Almost 80% of US companies have suffered at least one cloud security breach over the past 18 months, with misconfiguration the number one concern among CISOs, according to Ermetic.

The cloud security vendor commissioned IDC to interview 300 US cybersecurity leaders in organizations ranging in size from 1500 to more than 20,000 employees. The aim was to better understand the level of risk their organizations are facing and where their biggest challenges are.

Over two-fifths (43%) reported 10 or more breaches over the past year-and-a-half, while 79% said they’d suffered at least one incident.

The top three threats were listed as security misconfiguration of production environments (67%), lack of visibility into access in production environments (64%) and improper IAM and permission configurations (61%).

Configuration errors are a common occurrence in the cloud space, thanks to the growing complexity of deployments, limited in-house expertise and growing interest from researchers and cyber-criminals.

The findings align somewhat with Verizon’s most recent Data Breach Investigations Report (DBIR), which revealed that 22% of breaches last year were down to human error, with misconfiguration featuring strongly.

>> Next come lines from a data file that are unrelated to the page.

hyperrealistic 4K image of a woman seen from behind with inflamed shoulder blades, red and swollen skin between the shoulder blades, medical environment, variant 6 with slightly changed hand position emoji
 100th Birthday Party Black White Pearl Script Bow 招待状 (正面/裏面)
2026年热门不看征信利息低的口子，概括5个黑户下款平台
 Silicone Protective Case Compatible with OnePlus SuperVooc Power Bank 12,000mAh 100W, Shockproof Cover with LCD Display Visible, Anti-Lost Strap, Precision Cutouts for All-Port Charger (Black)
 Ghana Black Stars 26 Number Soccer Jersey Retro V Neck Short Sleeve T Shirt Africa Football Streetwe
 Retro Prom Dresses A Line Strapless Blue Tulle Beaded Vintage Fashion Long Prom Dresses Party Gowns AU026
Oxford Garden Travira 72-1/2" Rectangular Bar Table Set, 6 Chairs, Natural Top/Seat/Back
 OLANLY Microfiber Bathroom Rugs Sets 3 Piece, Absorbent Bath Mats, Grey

In fact, the report claimed that breaches featuring configuration mistakes had jumped nearly 5% from the previous year.

Ermetic also argued that users and applications often accrue excessive access permissions in public cloud deployments. These are often granted by default or go unnoticed, but can be hijacked by attackers to steal data, deliver malware or disrupt business processes,

Perhaps unsurprisingly given their challenges, the CISOs IDC spoke to claimed their top three cloud security priorities are compliance monitoring (78%), authorization and permission management (75%) and security configuration management (73%).

“Even though most of the companies surveyed are already using IAM, data loss prevention, data classification and privileged account management products, more than half claimed these were not adequate for protecting cloud environments,” said Shai Morag, CEO of Ermetic. “In fact, two-thirds cited cloud native capabilities for authorization and permission management, and security configuration as either a high or an essential priority.”